Les relations commerciales dans le domaine des machines agricoles ne partent pas de zéro. Selon FederUnacoma, les exportations italiennes de machines agricoles vers l’Algérie ont atteint près de 35 millions d’euros en 2024, soit une progression de 34,9 % sur un an. L’Italie occupait ainsi la deuxième place parmi les fournisseurs du marché algérien.

La tendance s’est également poursuivie début 2025, avec près de 5 millions d’euros d’exportations enregistrés sur les deux premiers mois de l’année, en hausse de plus de 56 % sur un an.

Pour les industriels italiens, l’Algérie apparaît donc comme un marché particulièrement intéressant au moment où le secteur cherche à renforcer ses débouchés internationaux.

Le Sud algérien, nouveau terrain de coopération

La coopération agricole entre les deux pays dépasse déjà le commerce des équipements.

Le projet conduit avec le groupe italien Bonifiche Ferraresi, en partenariat avec le Fonds national d’investissement algérien, en constitue l’un des principaux exemples. Il prévoit la mise en valeur d’environ 36 000 hectares dans les wilayas d’Adrar et de Timimoun, consacrés notamment aux céréales et aux légumineuses, avec des infrastructures de transformation et de stockage.

Le projet comprend notamment douze silos représentant une capacité totale de 62 000 tonnes.

Une première campagne de récolte de blé a par ailleurs été lancée en mai 2026 à Timimoun, sur une superficie de 1 600 hectares. Une étape importante qui illustre le passage d’une coopération fondée sur les accords et les annonces à des projets agricoles désormais opérationnels sur le terrain.

De la vente de machines aux partenariats industriels

La mission de septembre pourrait ainsi constituer une nouvelle étape dans le rapprochement agricole entre Alger et Rome.

L’enjeu ne se limite plus à l’importation de matériel. L’Algérie cherche à accroître ses capacités de production, à améliorer ses rendements et à développer son agriculture saharienne, tandis que les entreprises italiennes disposent d’une offre couvrant l’ensemble de la chaîne : machines, irrigation, numérique, stockage, formation et technologies agricoles.

Cette complémentarité pourrait favoriser l’émergence de partenariats plus structurants, notamment autour de la production locale, de la maintenance et du transfert de savoir-faire.

La rencontre de septembre intervient d’ailleurs dans le prolongement du forum d’affaires algéro-italien organisé à Rome en juillet 2025, qui avait réuni plusieurs centaines d’entreprises des deux pays et débouché sur une série d’accords et de protocoles de coopération.

Une coopération qui s’éloigne progressivement des hydrocarbures

Pour l’Italie comme pour l’Algérie, l’agriculture apparaît désormais comme l’un des secteurs susceptibles de contribuer à la diversification des échanges bilatéraux.
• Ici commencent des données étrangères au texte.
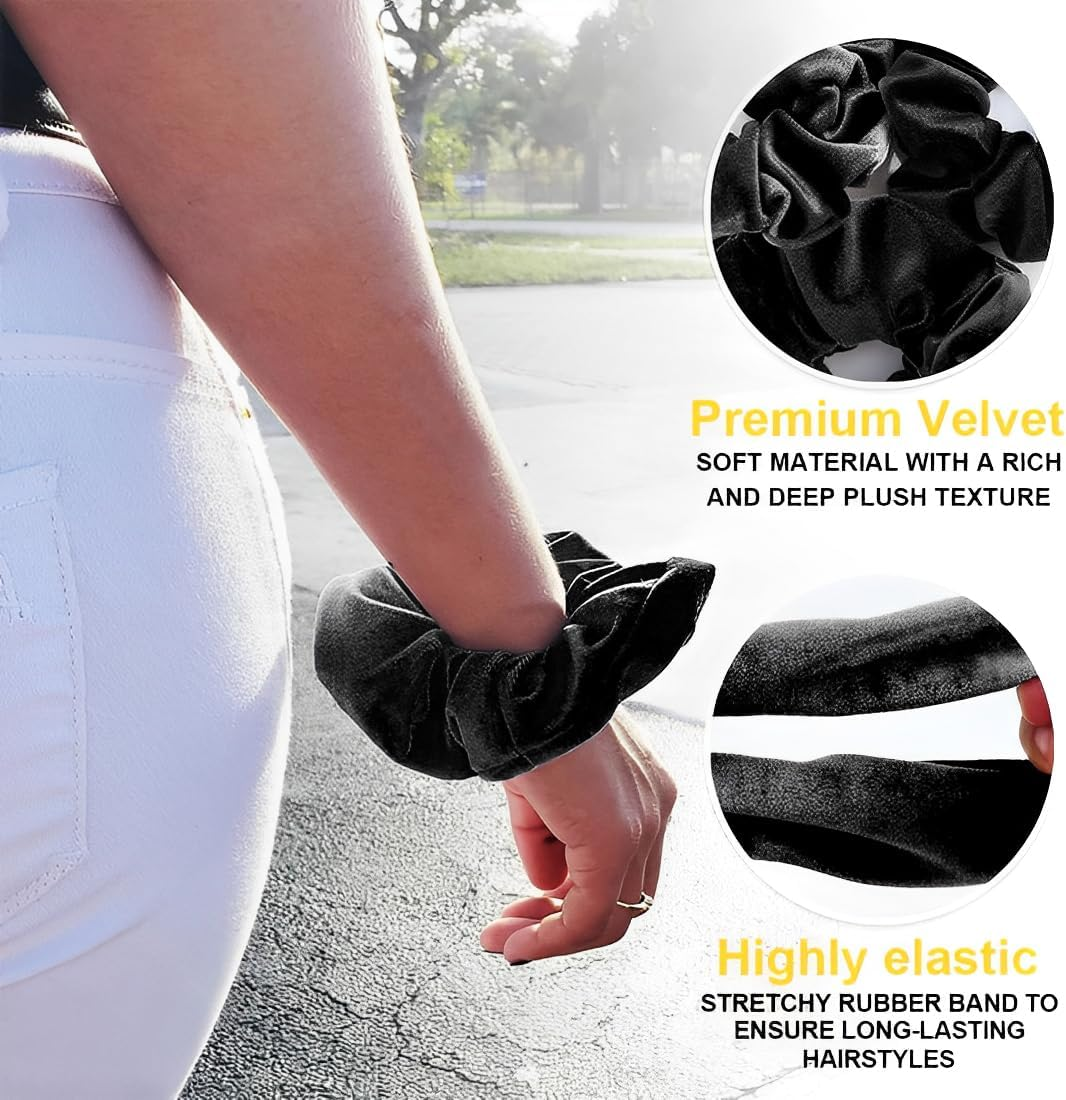 Pack of 3 Women'S Velvet Scrunchies with Zip Pocket, Girls Elastic Cable Elastics, Velvet Hair Bobbles with Hidden Zip Pocket, Elastic Hair Bands for Girls and Women image number 2
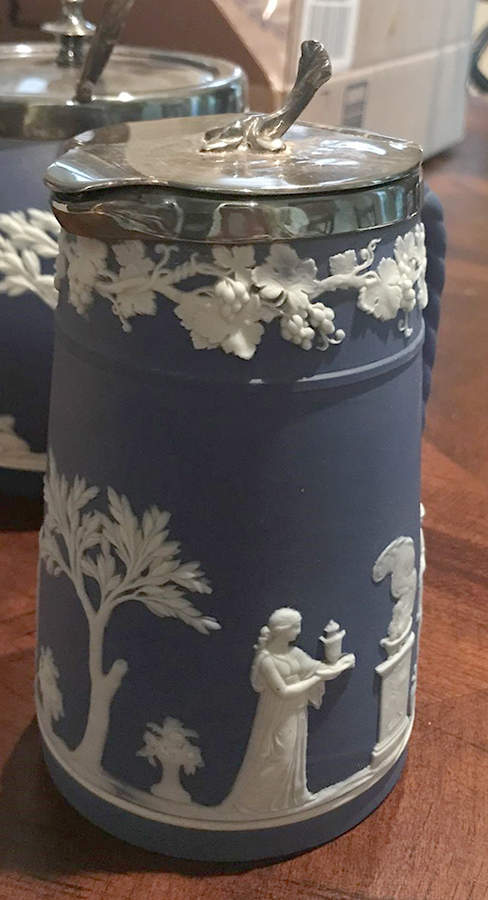 Cream Color on Wedgwood Blue Jasperware 22 Oz Trojan Jug with Metal Lid by Wedgwood-1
L’implantation de plus de 150 entreprises italiennes en Algérie et le développement de projets agricoles dans le Sud témoignent d’un intérêt croissant pour les secteurs productifs, industriels et technologiques.

Avec sa politique de mécanisation, son programme de digitalisation et l’extension de ses surfaces agricoles dans le Sud, l’Algérie représente aujourd’hui un marché appelé à évoluer rapidement.

Pour les industriels italiens, le défi sera donc moins de vendre davantage de machines que de s’insérer dans cette transformation agricole en proposant des solutions complètes et, surtout, des partenariats capables de créer de la valeur directement en Algérie.